(Data records)
^^^^^^^^

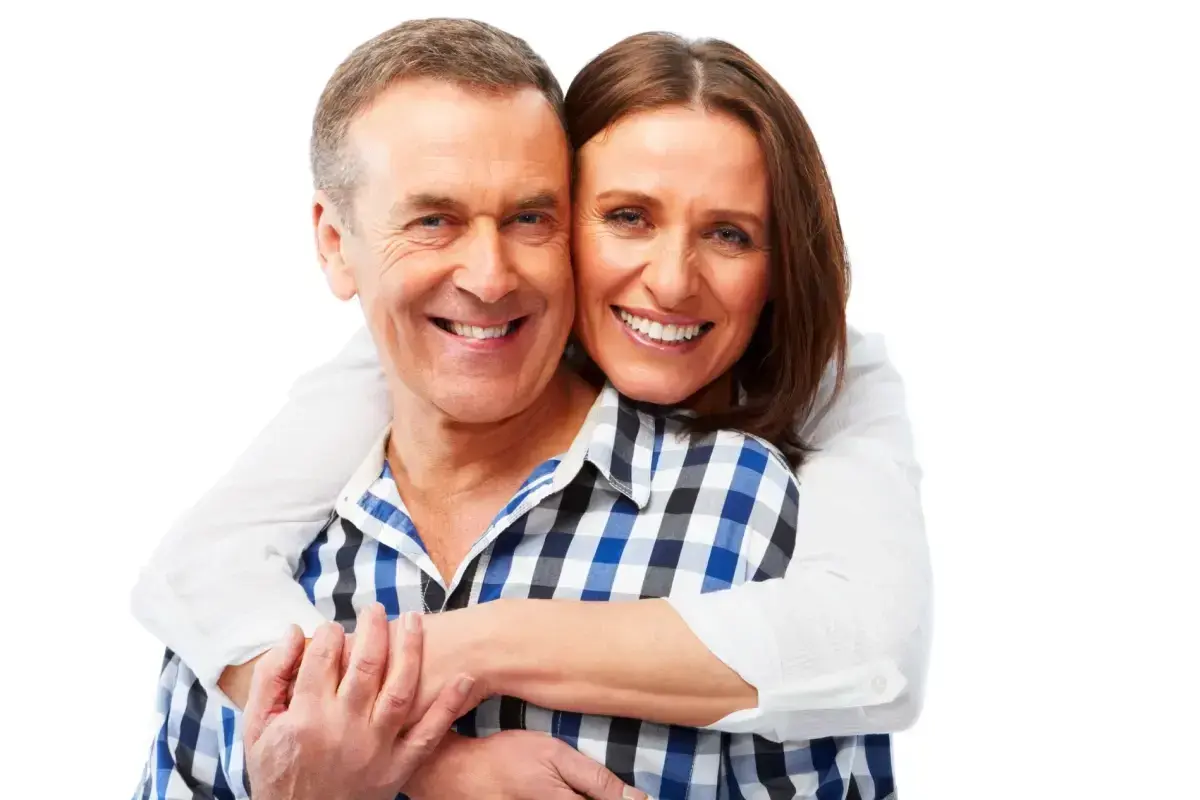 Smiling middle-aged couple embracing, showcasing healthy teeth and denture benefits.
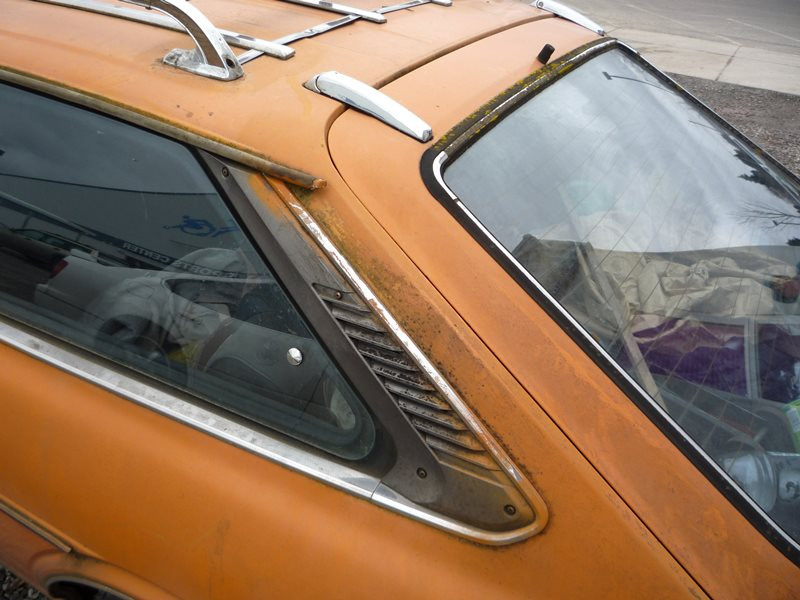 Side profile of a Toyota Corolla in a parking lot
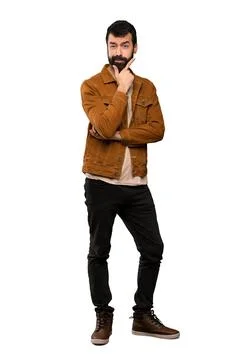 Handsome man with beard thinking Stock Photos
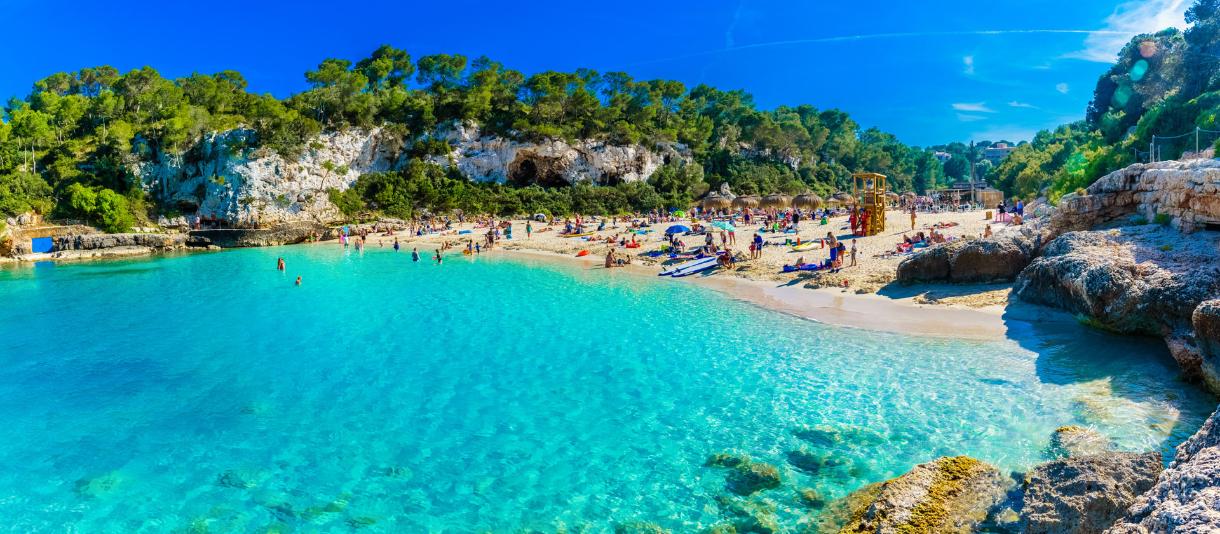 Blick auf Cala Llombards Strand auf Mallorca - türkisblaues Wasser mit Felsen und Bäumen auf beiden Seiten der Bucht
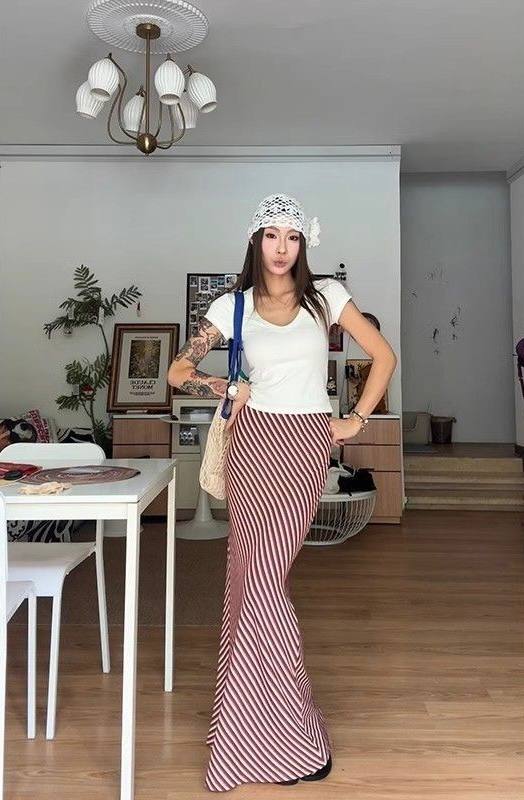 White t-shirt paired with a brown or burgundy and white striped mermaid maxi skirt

^^^^^^^^

[EXERCISE OBJECTIVE]
Repeat the data word for word, excluding any image.

[TASK ANSWER]
 Smiling middle-aged couple embracing, showcasing healthy teeth and denture benefits.
 Side profile of a Toyota Corolla in a parking lot
 Handsome man with beard thinking Stock Photos
 Blick auf Cala Llombards Strand auf Mallorca - türkisblaues Wasser mit Felsen und Bäumen auf beiden Seiten der Bucht
 White t-shirt paired with a brown or burgundy and white striped mermaid maxi skirt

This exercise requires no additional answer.